Record extracts:
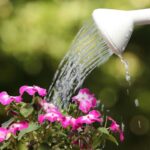 Fiori vengono innaffiati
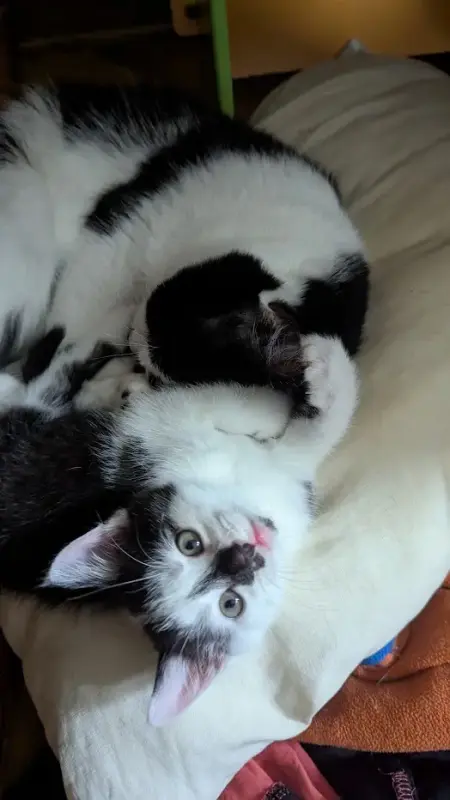Котёнок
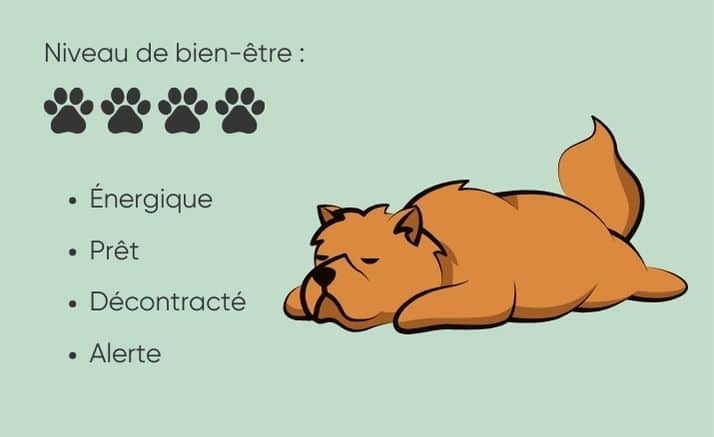 position chien qui dort malheureux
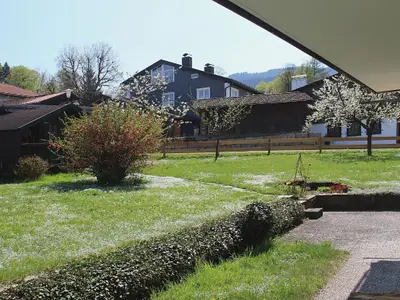 Garten 2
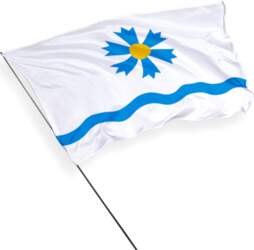 Tartu pašvaldības karogs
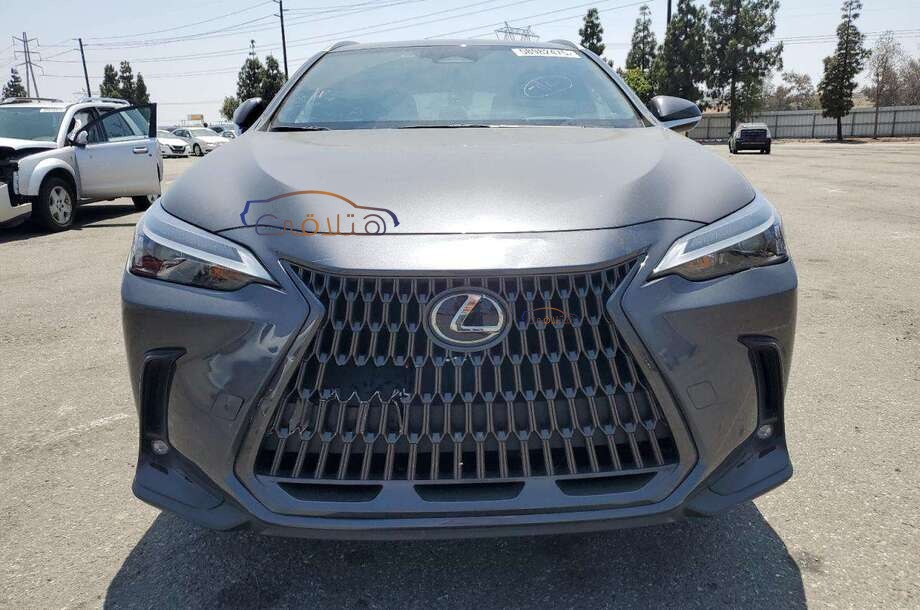 NX Lexus فضي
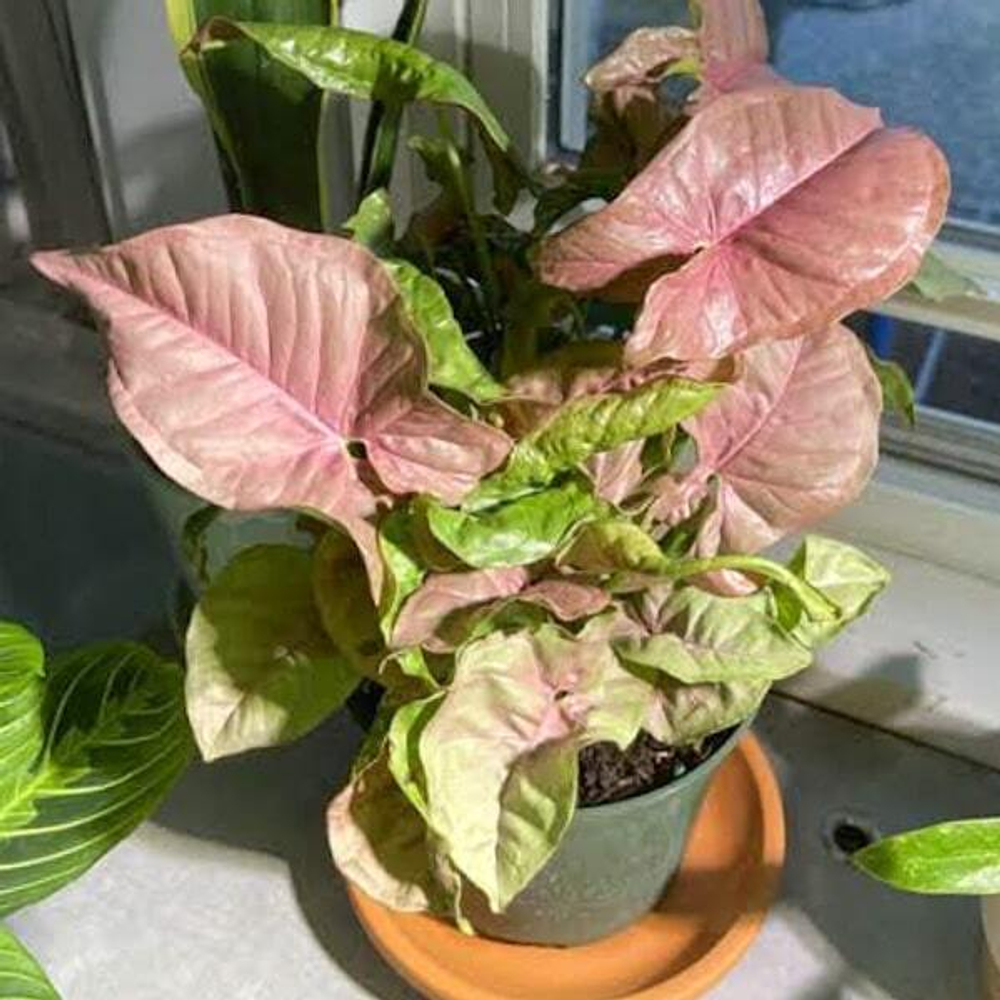 Сингониум NEON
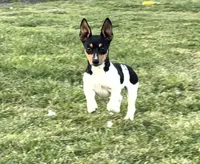 Fin, a female Teddy Roosevelt Terrier for sale in Caddo Mills, TX – Photo 4 of 6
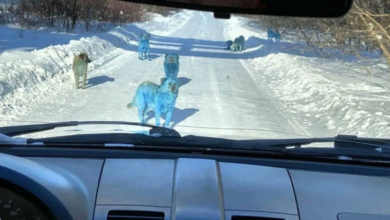 Photo of Qentë në Rusi marin ngjyrë të kaltër ja pse…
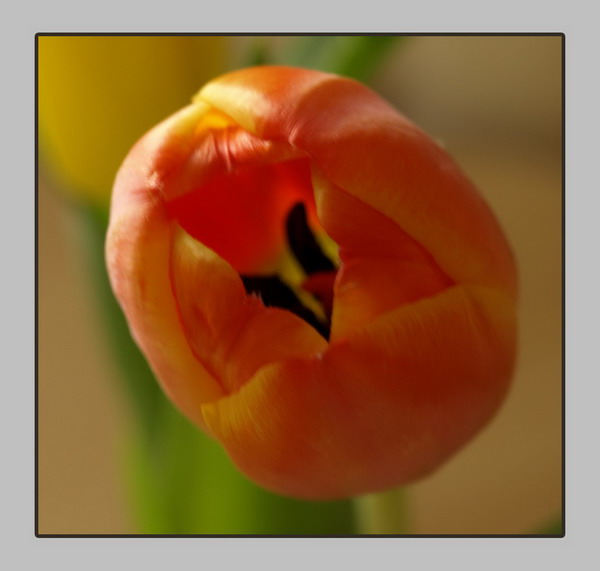 [tulipán.jpg]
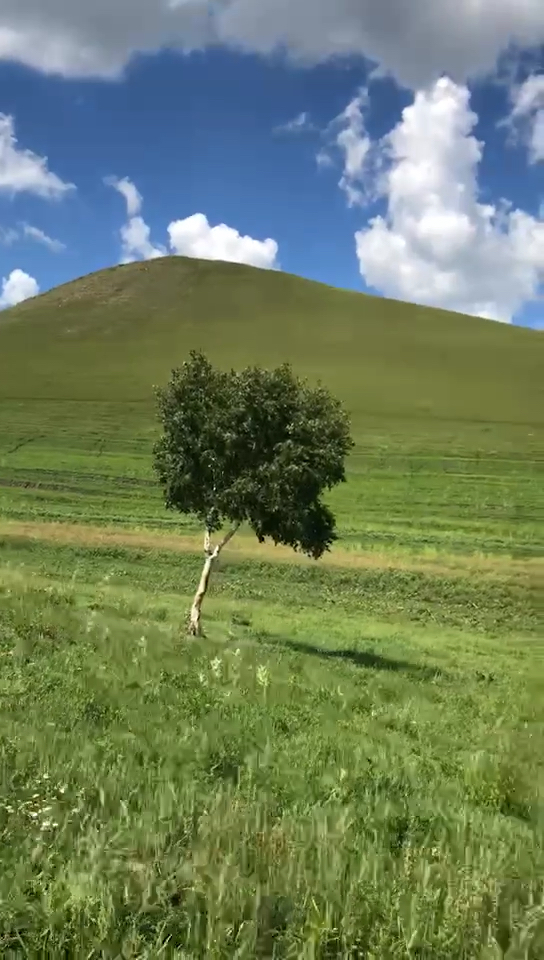 草原上一颗小树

What you have to do: Begin at the line with "position chien qui dort malheureux" and retype exactly every line through the last one of the entries above, both included, and nothing more; pictures stay out.

Answer to this exercise:
 position chien qui dort malheureux
 Garten 2
 Tartu pašvaldības karogs
 NX Lexus فضي
 Сингониум NEON
 Fin, a female Teddy Roosevelt Terrier for sale in Caddo Mills, TX – Photo 4 of 6
 Photo of Qentë në Rusi marin ngjyrë të kaltër ja pse…
 [tulipán.jpg]
 草原上一颗小树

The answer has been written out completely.